**Work instructions**
From the listing below, set down exactly the lines between the one holding "Renault STEPWAY 1.6" and the one holding "Volvo Concept Estate: το σύγχρονο 1800 ES", inclusive. No other line is wanted.

**Task inputs**
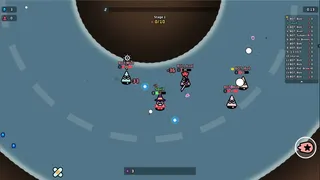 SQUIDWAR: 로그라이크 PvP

* * *

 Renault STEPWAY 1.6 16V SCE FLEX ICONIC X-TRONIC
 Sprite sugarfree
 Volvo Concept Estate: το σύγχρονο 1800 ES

**Solution below**
 Renault STEPWAY 1.6 16V SCE FLEX ICONIC X-TRONIC
 Sprite sugarfree
 Volvo Concept Estate: το σύγχρονο 1800 ES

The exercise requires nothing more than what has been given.